Stored records:
BEGIN

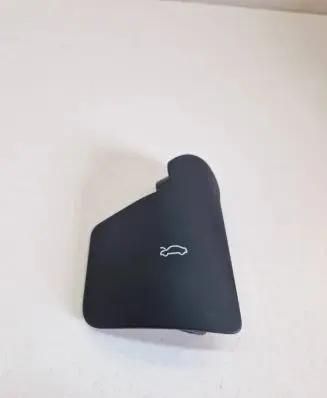 Audi Q5 SQ5 Engine bonnet (hood) release handle PA6GF30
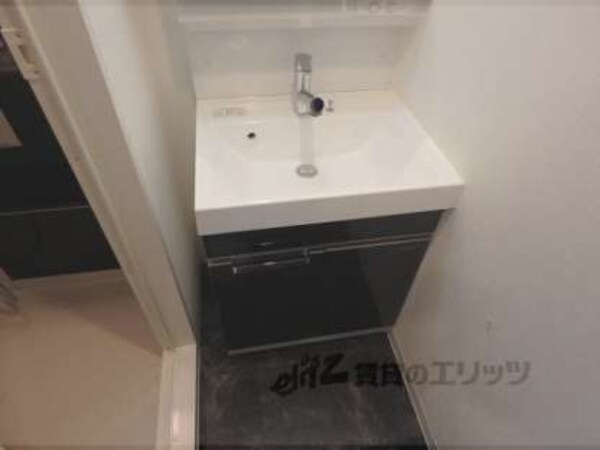 洗面所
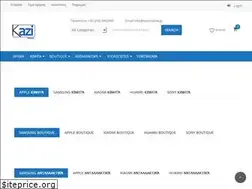 Sites similar to kazimobile.gr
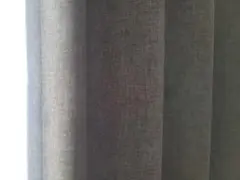 ニトリカーテン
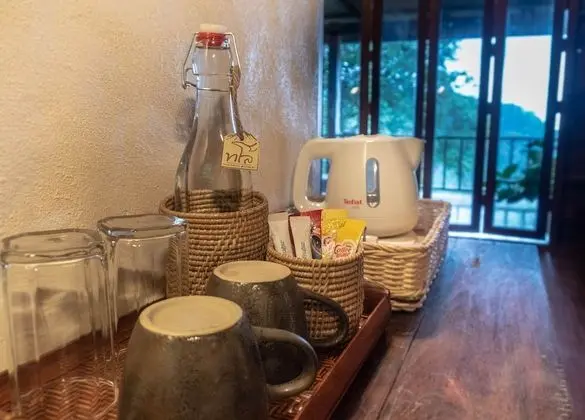 Family Oda, Sigara İçilmez, Tepe Manzaralı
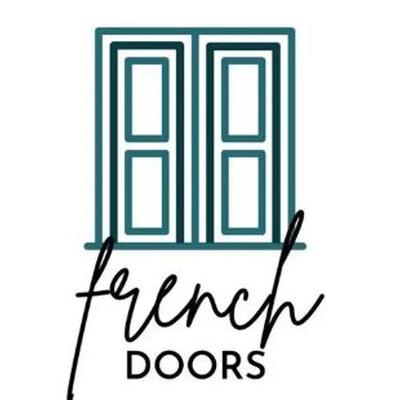 FRENCH DOORS 1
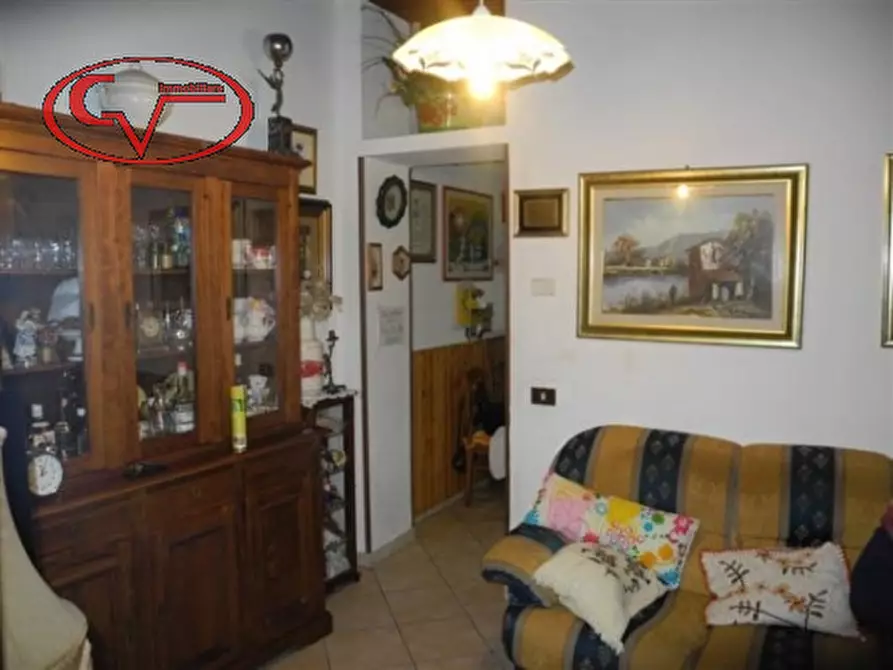 Immagine 4 di Appartamento in vendita  in Via cennano a Montevarchi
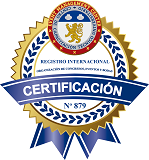 MICE certification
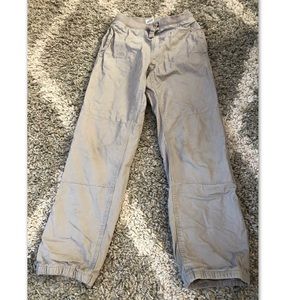 Lands End Iron Knee, size 10-12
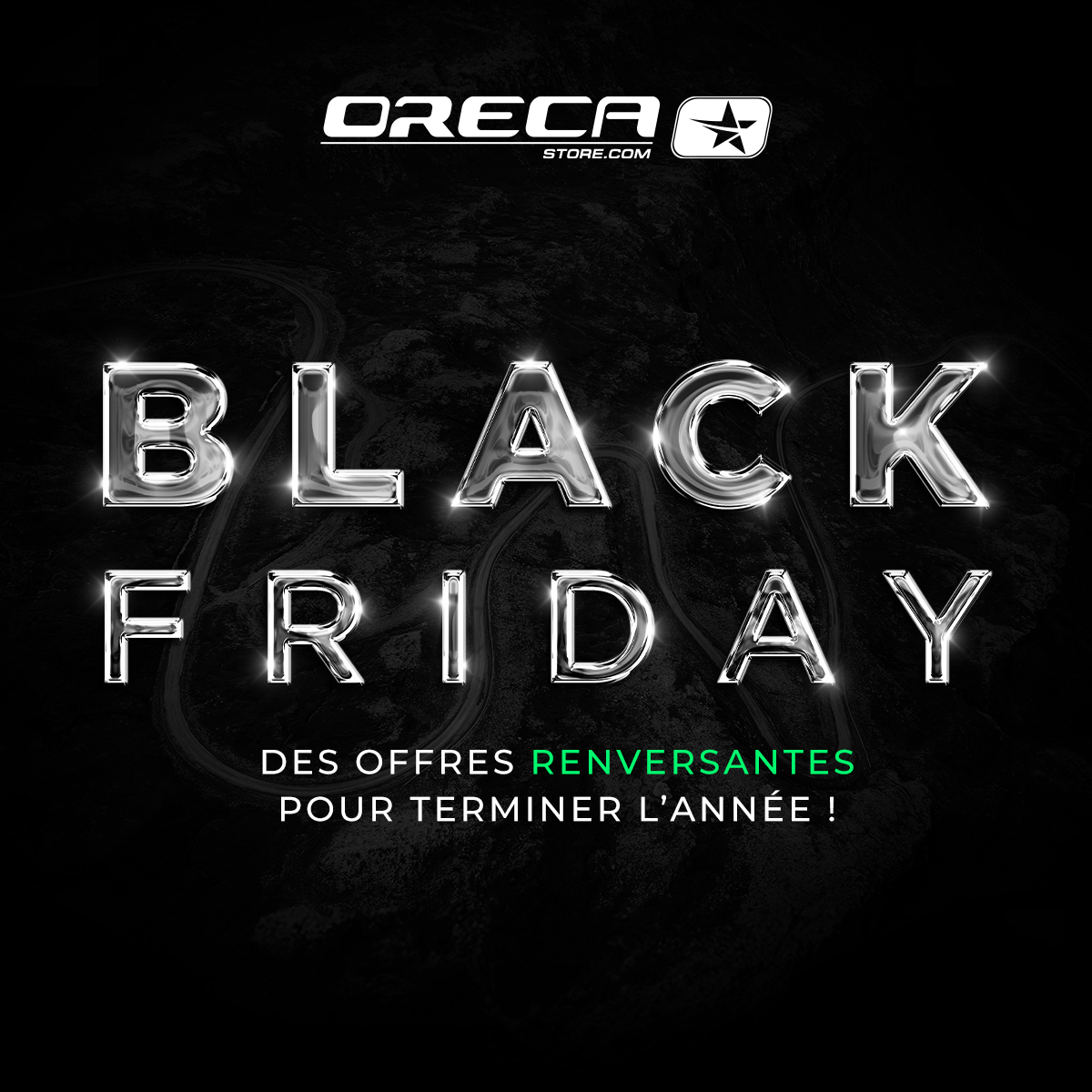 Oreca-Store | Signes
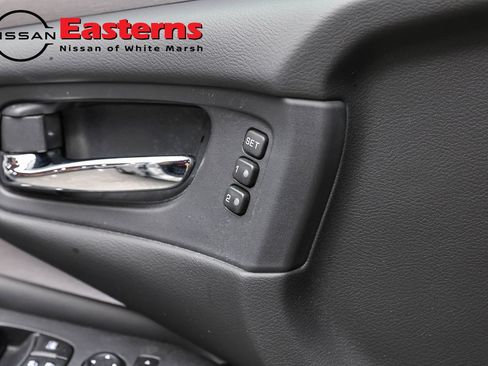 Used 2024 Nissan Murano SL AWD/4WD image 21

END

What the task asks – From the line containing "Lands End Iron Knee, size 10-12" to the last line of the records, inclusive, output the lines exactly as written and nothing else; leave out the pictures.

Solution to the exercise –
 Lands End Iron Knee, size 10-12
 Oreca-Store | Signes
 Used 2024 Nissan Murano SL AWD/4WD image 21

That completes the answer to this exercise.